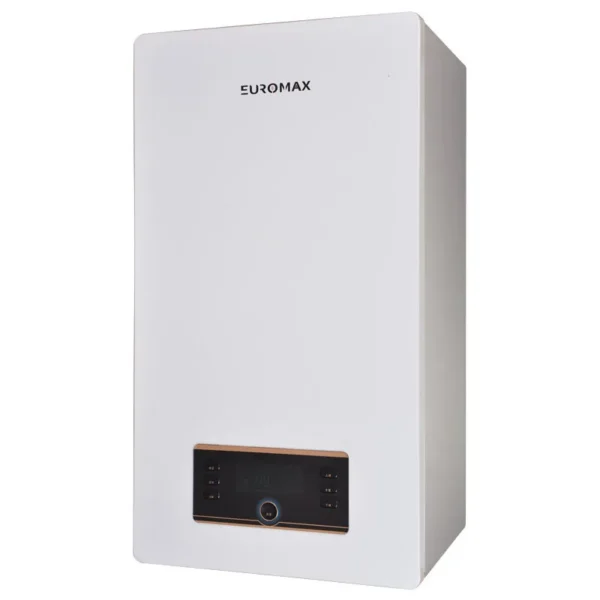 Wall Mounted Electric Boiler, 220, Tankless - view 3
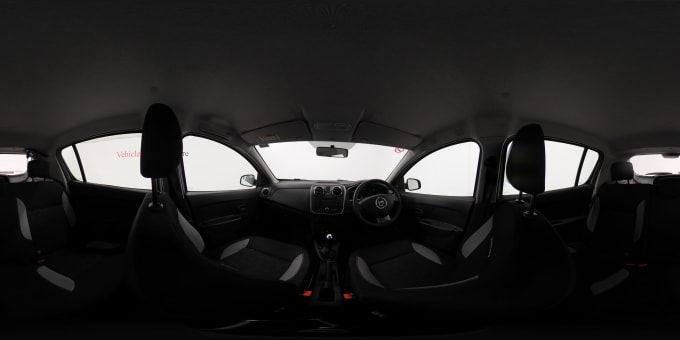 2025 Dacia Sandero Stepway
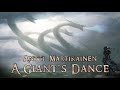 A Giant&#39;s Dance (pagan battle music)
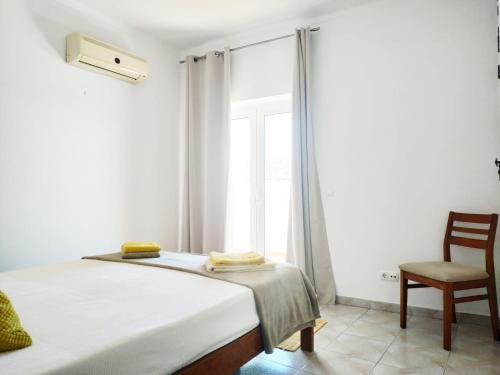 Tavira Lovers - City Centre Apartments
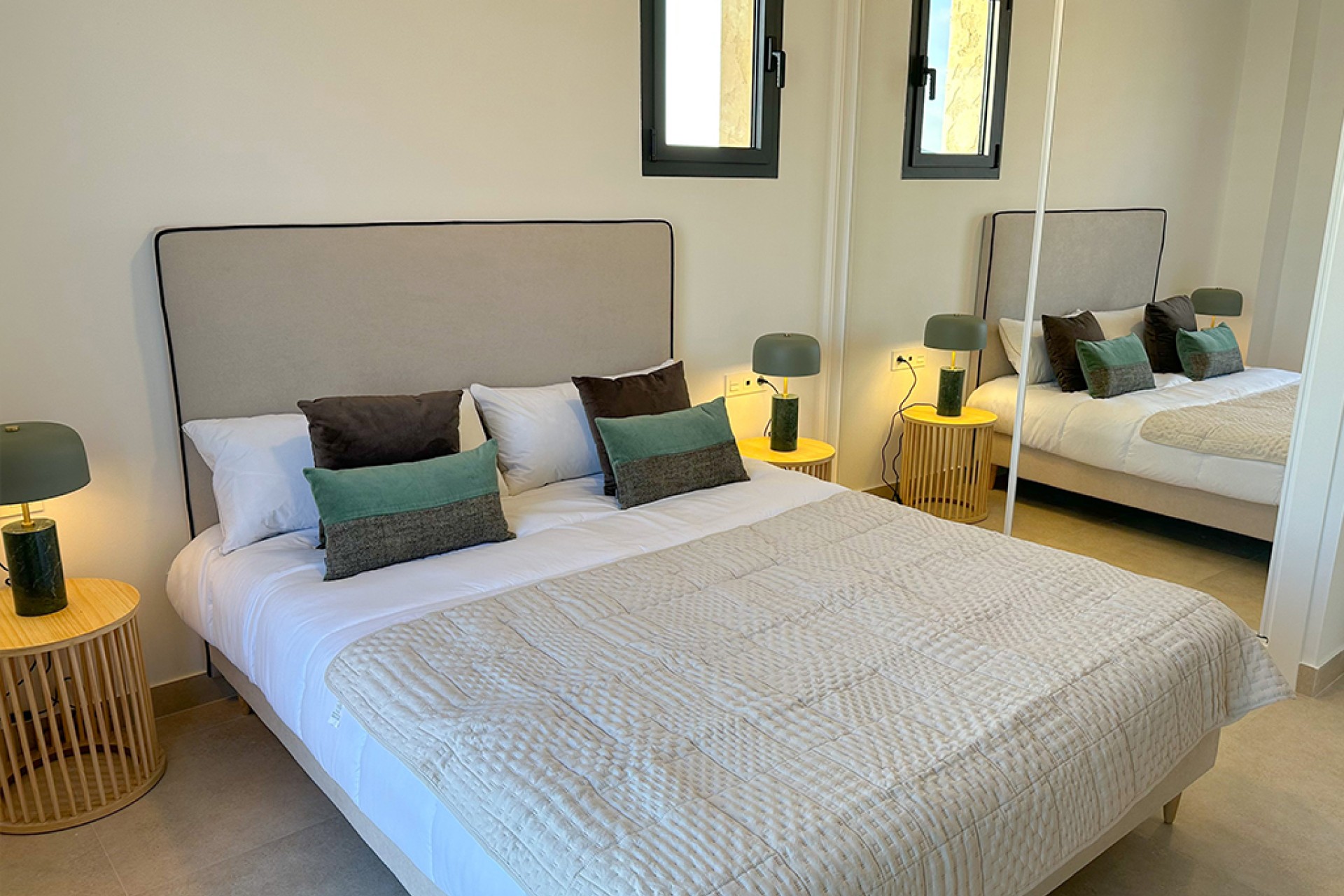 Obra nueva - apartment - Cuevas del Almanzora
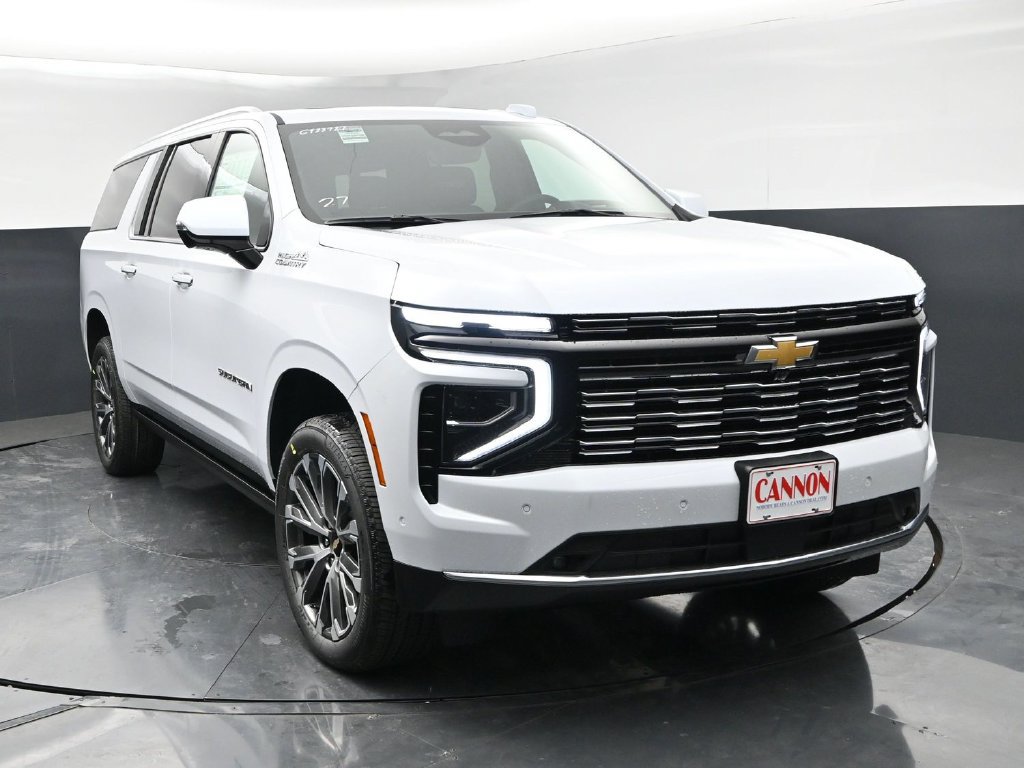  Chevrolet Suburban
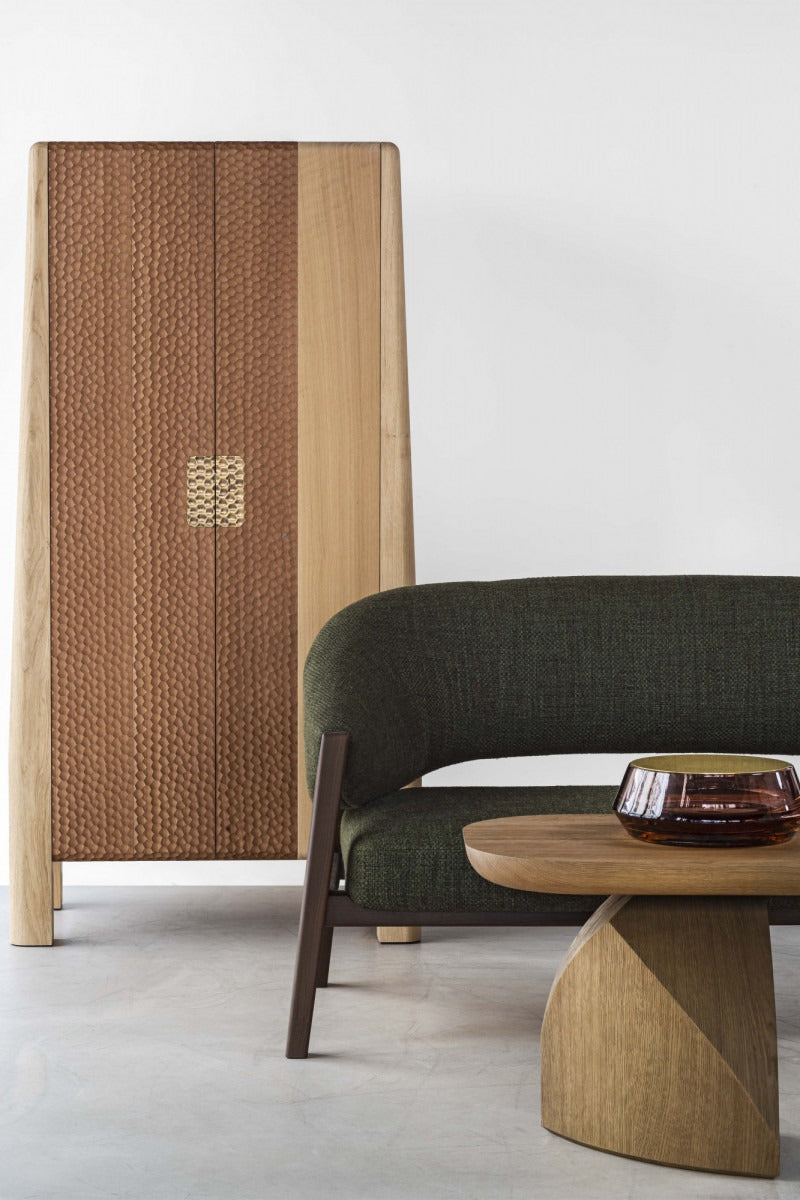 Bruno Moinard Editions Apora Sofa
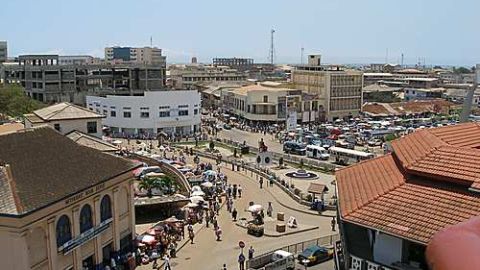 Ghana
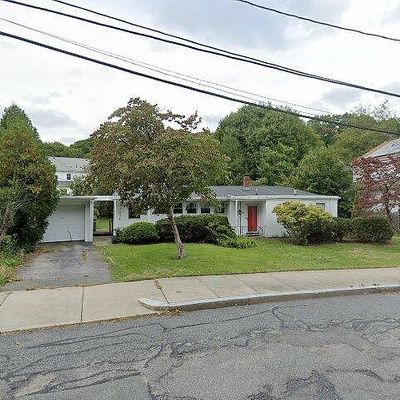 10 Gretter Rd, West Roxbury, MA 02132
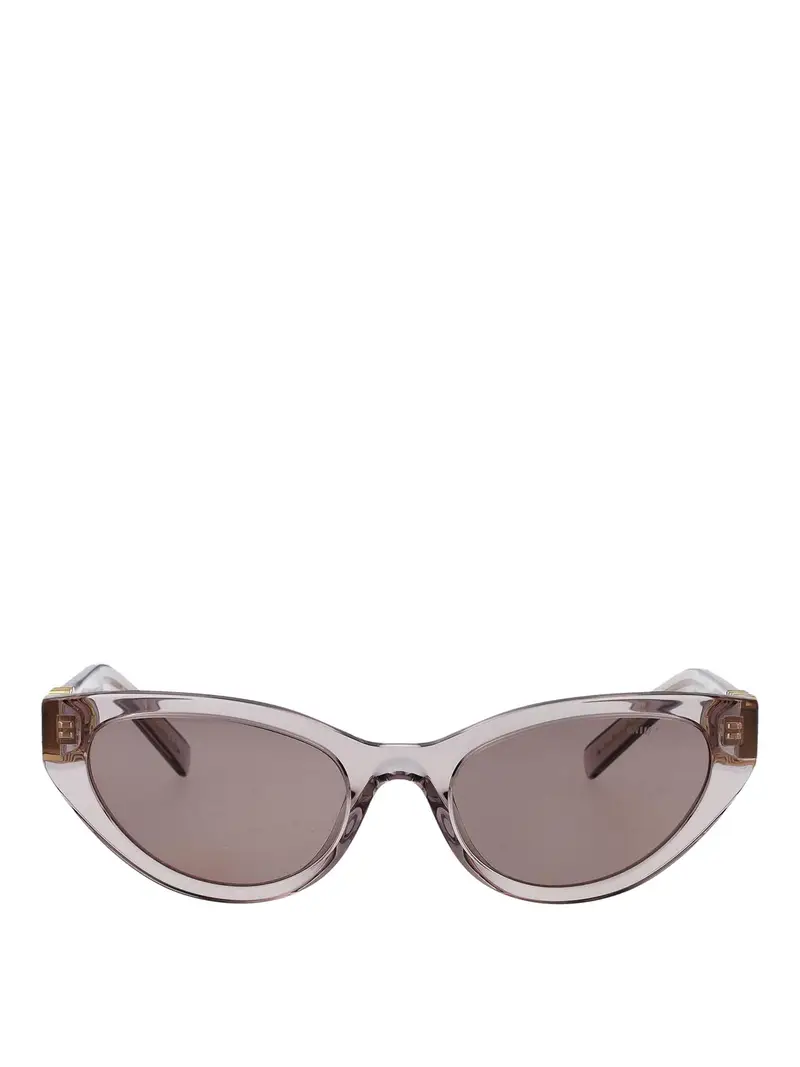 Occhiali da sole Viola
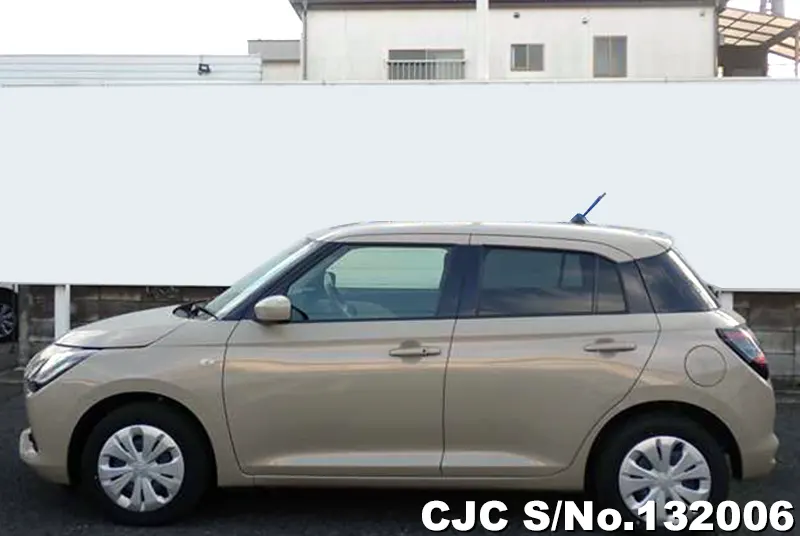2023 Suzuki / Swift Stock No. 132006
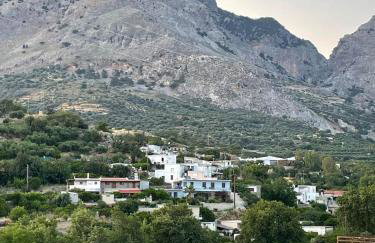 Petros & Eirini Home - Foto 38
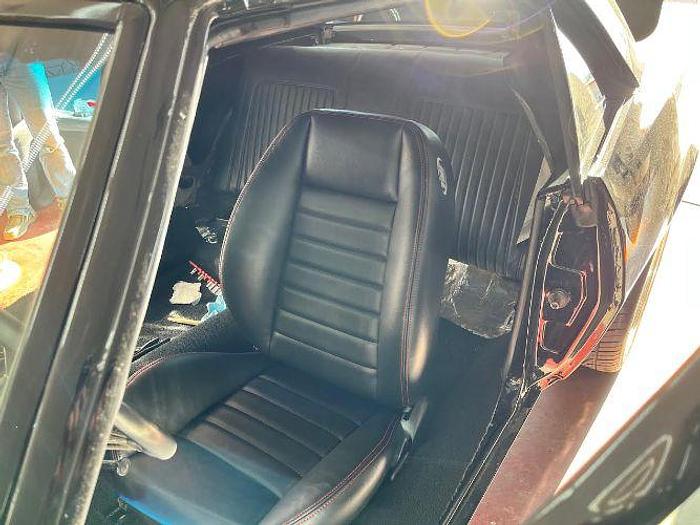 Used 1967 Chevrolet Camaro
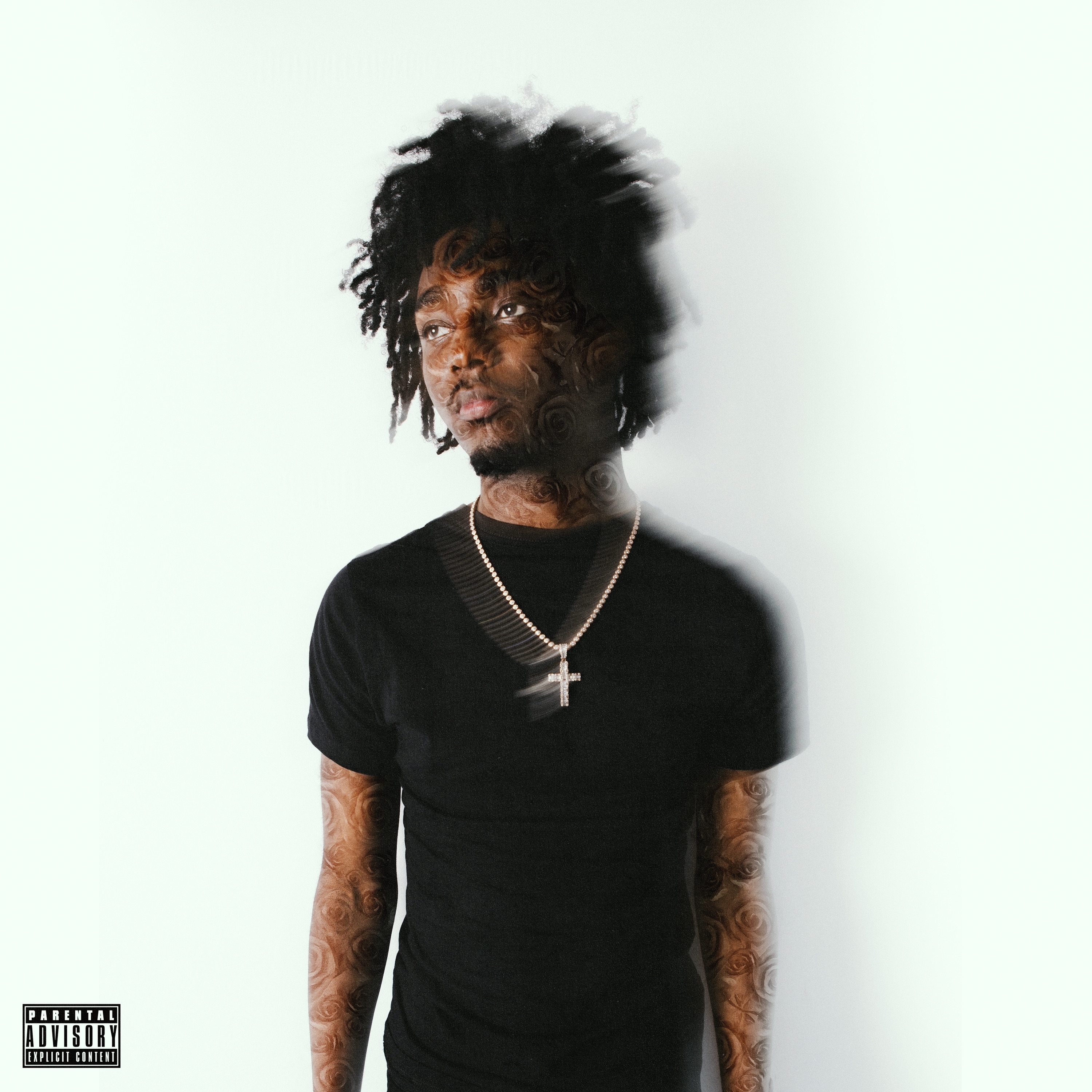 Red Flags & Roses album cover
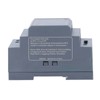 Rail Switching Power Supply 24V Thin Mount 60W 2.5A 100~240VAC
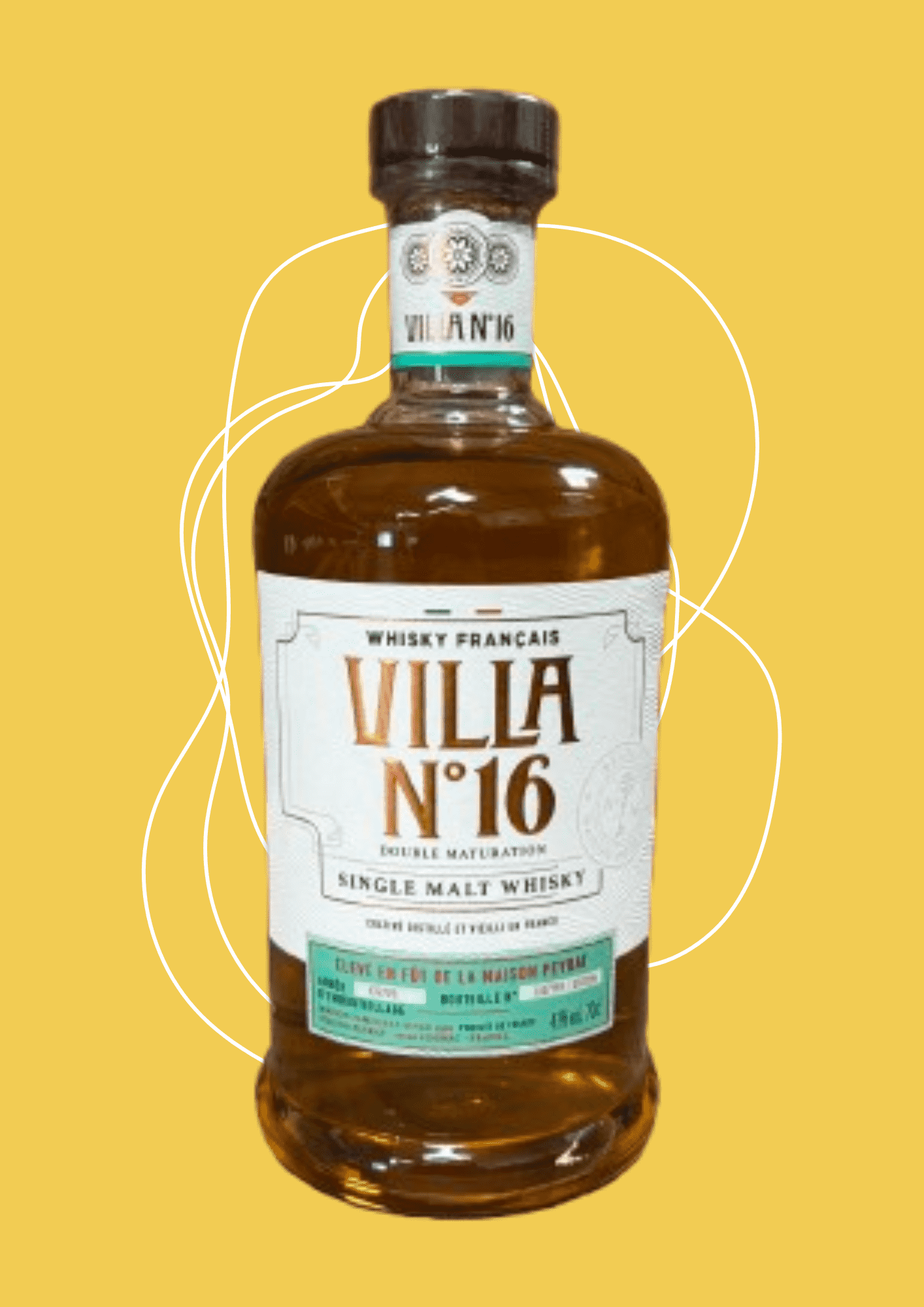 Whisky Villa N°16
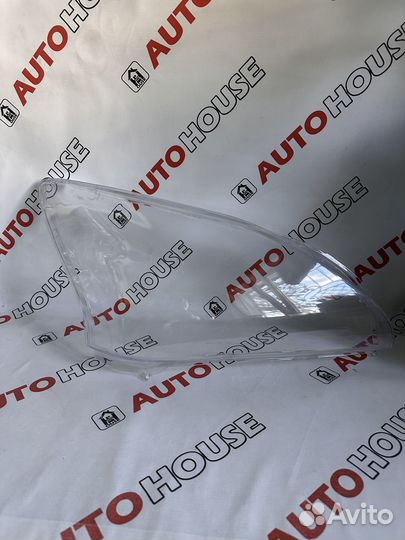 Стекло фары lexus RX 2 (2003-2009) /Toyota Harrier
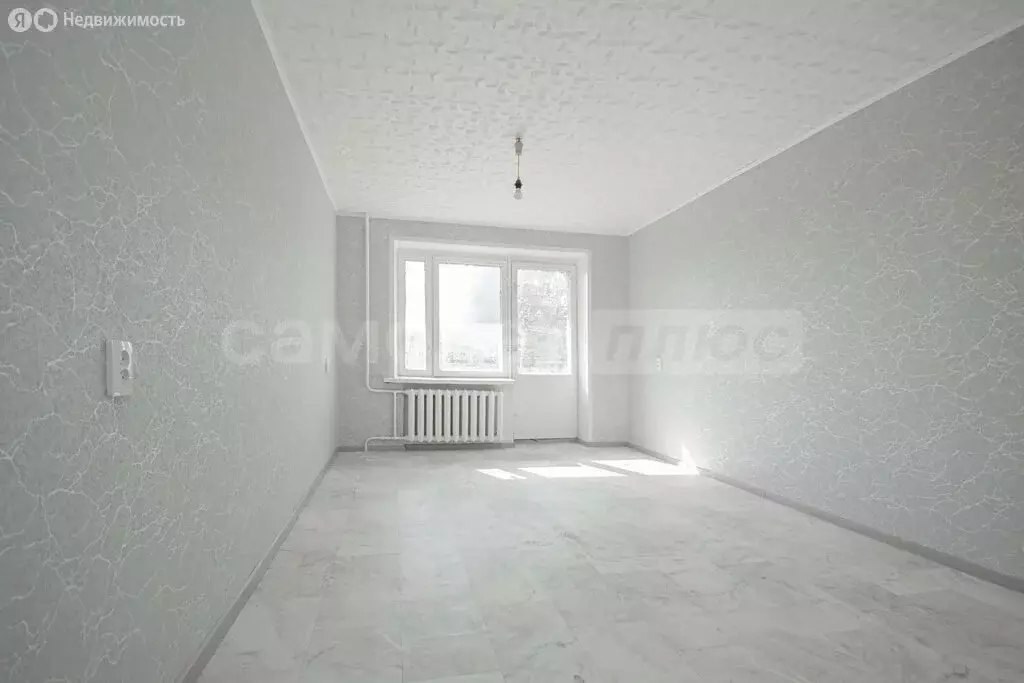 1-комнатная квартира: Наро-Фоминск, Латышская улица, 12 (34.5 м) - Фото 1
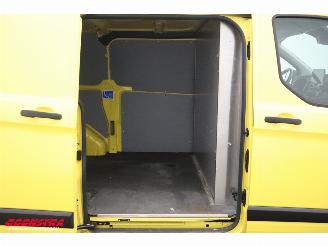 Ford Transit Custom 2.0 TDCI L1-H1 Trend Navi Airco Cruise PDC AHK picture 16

● ● ● ● ●

◆ The task
Write out all the material above exactly, with no image carried over.

◆ Worked solution
 Wall Mounted Electric Boiler, 220, Tankless - view 3
 2025 Dacia Sandero Stepway
 A Giant&#39;s Dance (pagan battle music)
 Tavira Lovers - City Centre Apartments
 Obra nueva - apartment - Cuevas del Almanzora
  Chevrolet Suburban
 Bruno Moinard Editions Apora Sofa
 Ghana
 10 Gretter Rd, West Roxbury, MA 02132
 Occhiali da sole Viola
2023 Suzuki / Swift Stock No. 132006
 Petros & Eirini Home - Foto 38
 Used 1967 Chevrolet Camaro
 Red Flags & Roses album cover
 Rail Switching Power Supply 24V Thin Mount 60W 2.5A 100~240VAC
 Whisky Villa N°16
 Стекло фары lexus RX 2 (2003-2009) /Toyota Harrier
 1-комнатная квартира: Наро-Фоминск, Латышская улица, 12 (34.5 м) - Фото 1
 Ford Transit Custom 2.0 TDCI L1-H1 Trend Navi Airco Cruise PDC AHK picture 16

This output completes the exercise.